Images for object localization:
--------------------------------------------------

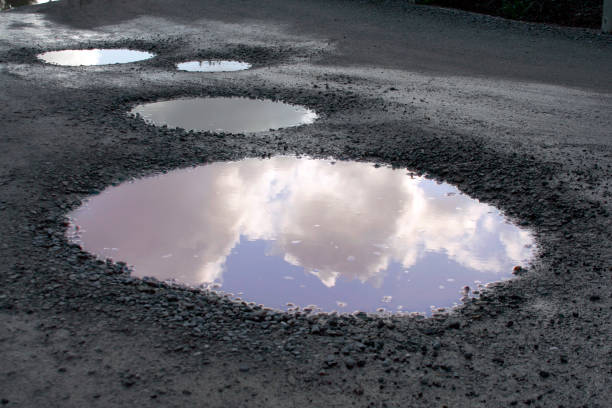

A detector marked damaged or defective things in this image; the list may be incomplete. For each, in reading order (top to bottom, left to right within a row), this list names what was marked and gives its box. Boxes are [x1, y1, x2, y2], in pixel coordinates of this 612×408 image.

water in pothole [38, 48, 155, 65]
pothole [38, 48, 155, 65]
water in pothole [131, 97, 318, 132]
pothole [131, 97, 318, 132]
water in pothole [69, 158, 532, 314]
pothole [68, 158, 536, 314]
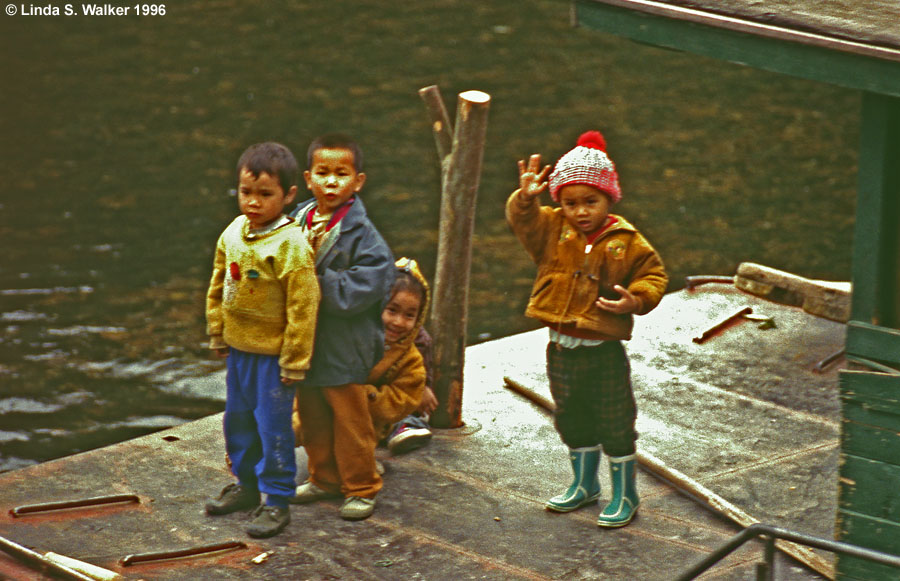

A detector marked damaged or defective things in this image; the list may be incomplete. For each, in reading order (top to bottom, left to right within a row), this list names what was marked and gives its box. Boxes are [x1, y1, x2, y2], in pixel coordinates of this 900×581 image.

rusty metal strip [8, 494, 140, 516]
rusty metal strip [119, 540, 248, 568]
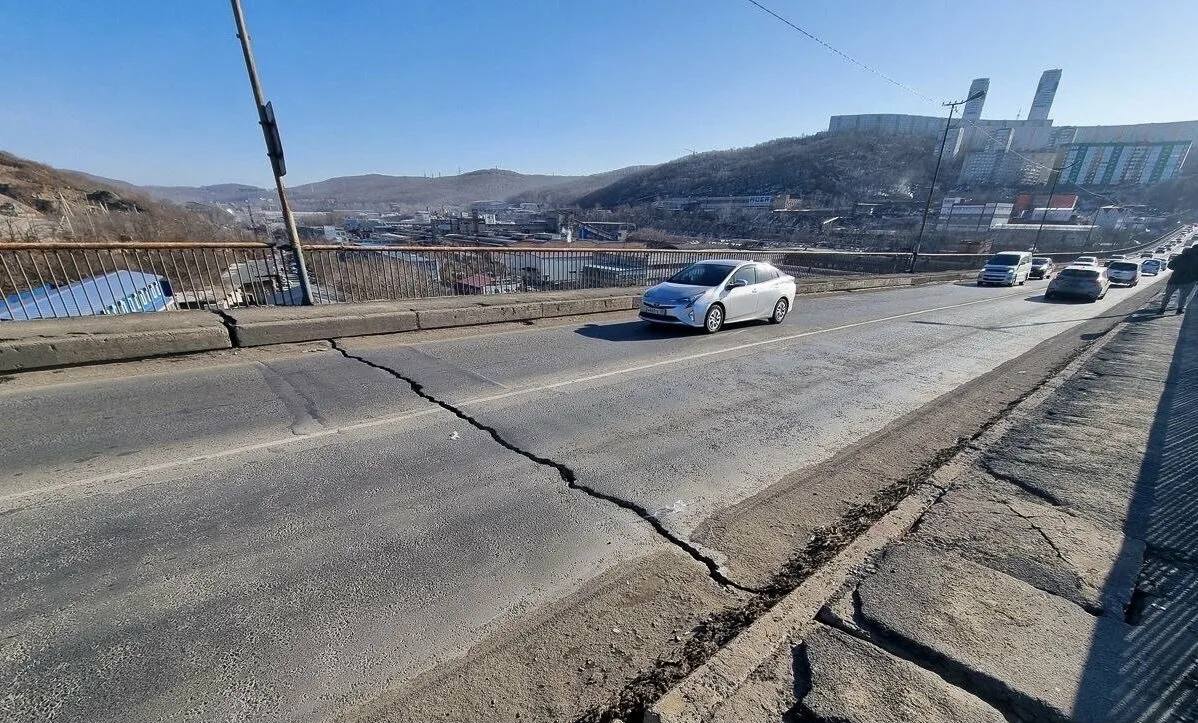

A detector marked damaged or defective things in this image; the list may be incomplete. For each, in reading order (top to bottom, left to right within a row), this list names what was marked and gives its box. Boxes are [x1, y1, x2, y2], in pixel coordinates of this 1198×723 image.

large crack in road [328, 339, 757, 593]
cracked asphalt [0, 274, 1164, 718]
broken concrete slab [800, 622, 1006, 718]
broken concrete slab [857, 541, 1126, 722]
broken concrete slab [905, 485, 1140, 617]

--------------------------------------------------

ABOUT THIS EXERCISE »
The answer is the line with "this 1198×723 image." plus every line after it to the last line of the entries above, copied exactly and with no other lines.

PROBLEM SOLUTION »
A detector marked damaged or defective things in this image; the list may be incomplete. For each, in reading order (top to bottom, left to right within a row), this list names what was marked and gives its box. Boxes are [x1, y1, x2, y2], in pixel coordinates of this 1198×723 image.

large crack in road [328, 339, 757, 593]
cracked asphalt [0, 274, 1164, 718]
broken concrete slab [800, 622, 1006, 718]
broken concrete slab [857, 541, 1126, 722]
broken concrete slab [905, 485, 1140, 617]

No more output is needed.